A. Anytime we’re ready to grow ourselves all our limiting beliefs of who we are and what we’re capable of will start popping up as excuses stopping us from taking the steps toward our dreams. Consider this is an indicator it’s time to take responsibility for your excuses by dispelling these beliefs. Use these questions:
- What am I getting from hanging onto this excuse?
- What good will come from hanging onto it?
- What is the belief about myself or how the world works that justifies this excuse?
- Is this belief going to help or hinder my goal?
- How is this belief NOT true?
- Do I still want to keep it?
Once you bring these excuses and the beliefs attached to them into your awareness they lose their power over you and the fear of making the change disappears.
July 6, 2016 Article
Q. I worry a lot about things going wrong. It puts me on edge. Can you help?
A. It’s a survival mechanism of the brain to always be on the lookout for possible “danger.” But when it causes anxiety it is a sign of prolonged stress or post traumatic stress and will serve you well to be addressed with a professional.
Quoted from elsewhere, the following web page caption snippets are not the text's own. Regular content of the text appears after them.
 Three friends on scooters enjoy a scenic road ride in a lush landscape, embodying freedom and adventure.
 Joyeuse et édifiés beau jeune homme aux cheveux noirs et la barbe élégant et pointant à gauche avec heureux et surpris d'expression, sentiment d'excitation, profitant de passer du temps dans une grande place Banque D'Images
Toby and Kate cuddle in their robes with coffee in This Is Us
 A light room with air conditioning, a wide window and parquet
In the meantime any steps you take in a positive and proactive direction will carry you further with happier results than hours of worry trying to anticipate everything that could go wrong and how to prevent it because action alleviates anxiety. This is because where your attention goes, your energy flows and what you focus on comes into focus. So putting your energy into and focusing on taking small doable-in-a-day steps toward what you want rather than away from what you don’t gets you closer to what you want and puts you back in the safety zone of empowered choice.
July 20, 2016 Article
Q. When things go wrong I get so angry and blame myself. Sometimes I feel like I can’t do anything right. I’m tired of feeling this way.
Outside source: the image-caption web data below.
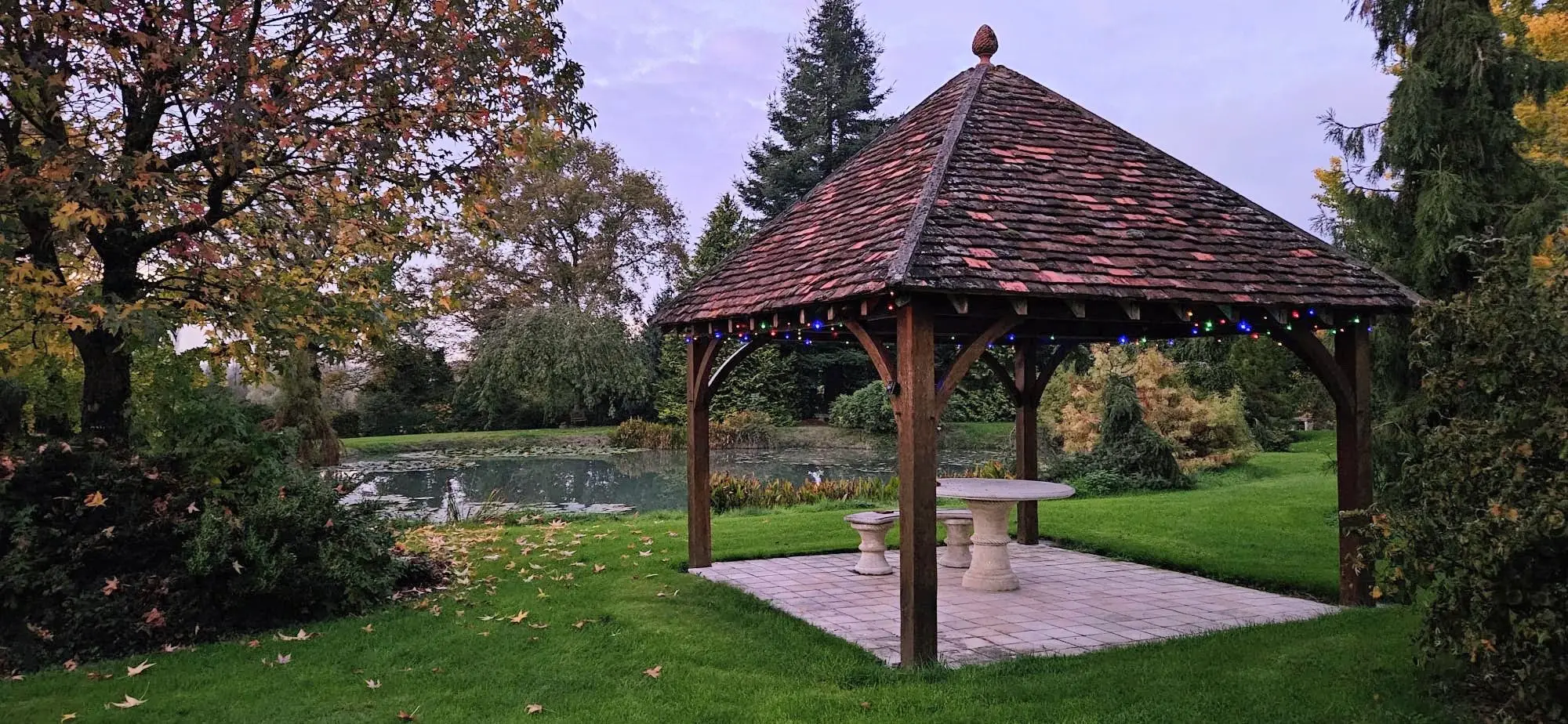 Gloriette hexagonale en bois, au bord du plan d'eau, sous un ciel de fin de journée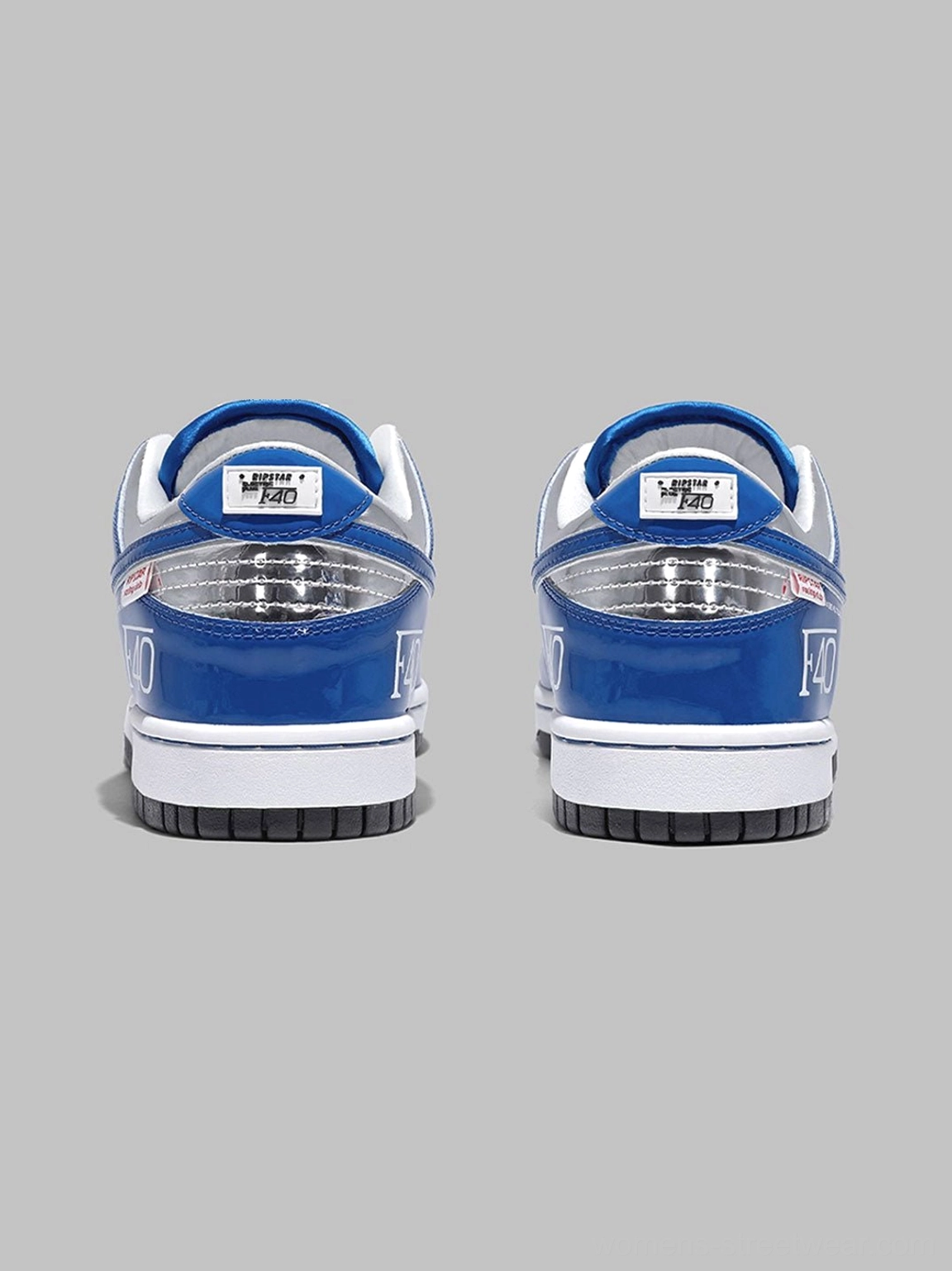 Rear view of electric blue retro platform sneakers featuring silver reflective heel panels, F40 graphic, and thick black rubber outsole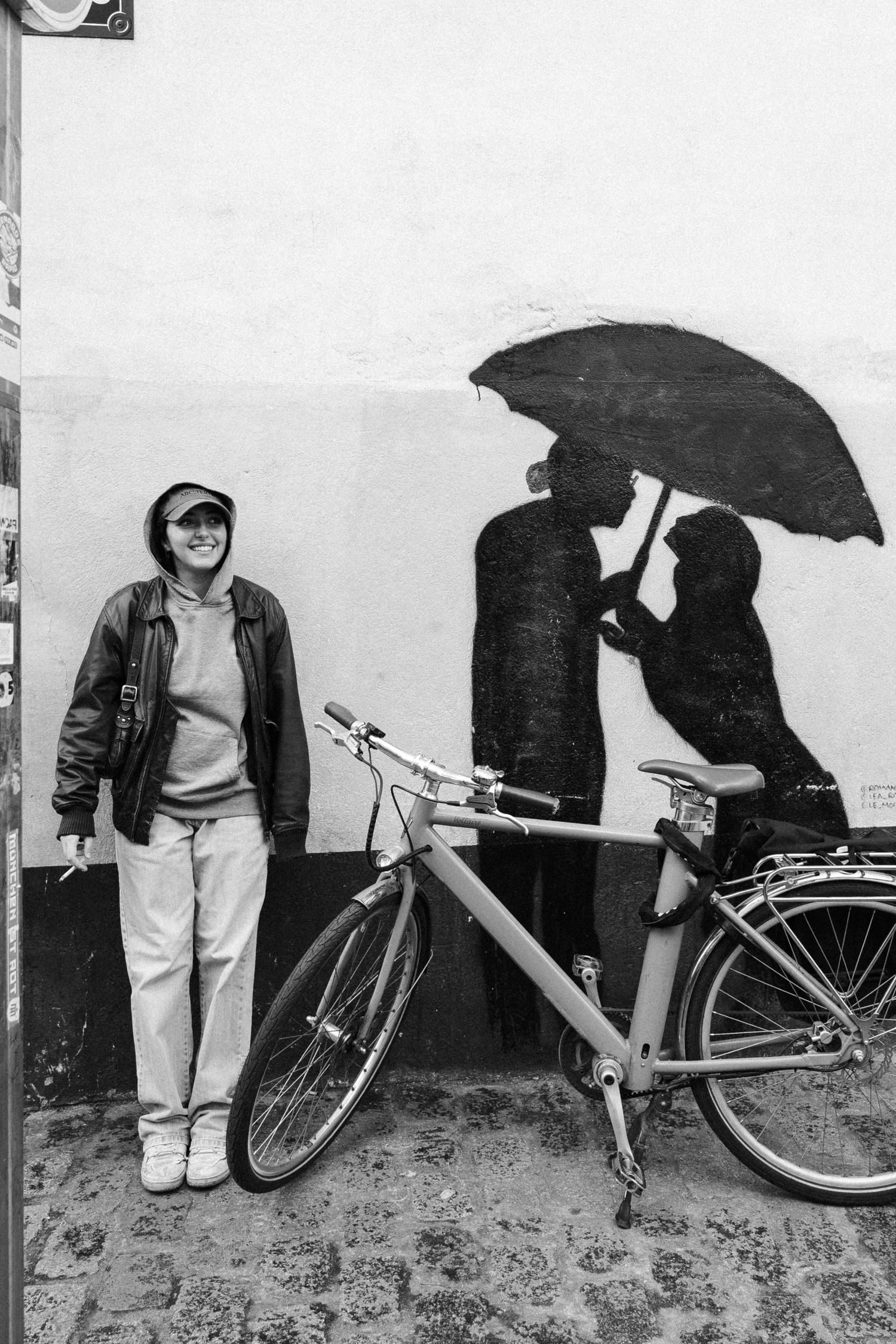 Black and white photo of a smiling person in a jacket standing beside a bicycle against a wall with couple silhouette graffiti.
A. Blaming ourselves is a learned behavior from being blamed and shamed in our formative years. In difficult or overwhelming situations we revert back to this as a coping mechanism. We have the erroneous belief that if we are to blame, if we are responsible for what is wrong then that must mean we have some control to fix it. Unfortunately blaming ourselves weakens us and takes us out of our power. To break this habit, stop yourself in mid-shame, breathe and remind yourself “The solution to this will come a lot faster if I’m NOT beating myself up” and this is true because (1) when you stop blaming yourself you move out of your fear brain into your higher thinking brain where solutions and creative thinking happen and (2) blaming yourself is a waste of time and energy that could be used to solve the challenge.
August 3, 2016 Article
Q. I feel like my life lacks joy and that something in my life is missing. Yet I feel selfish doing things only for me.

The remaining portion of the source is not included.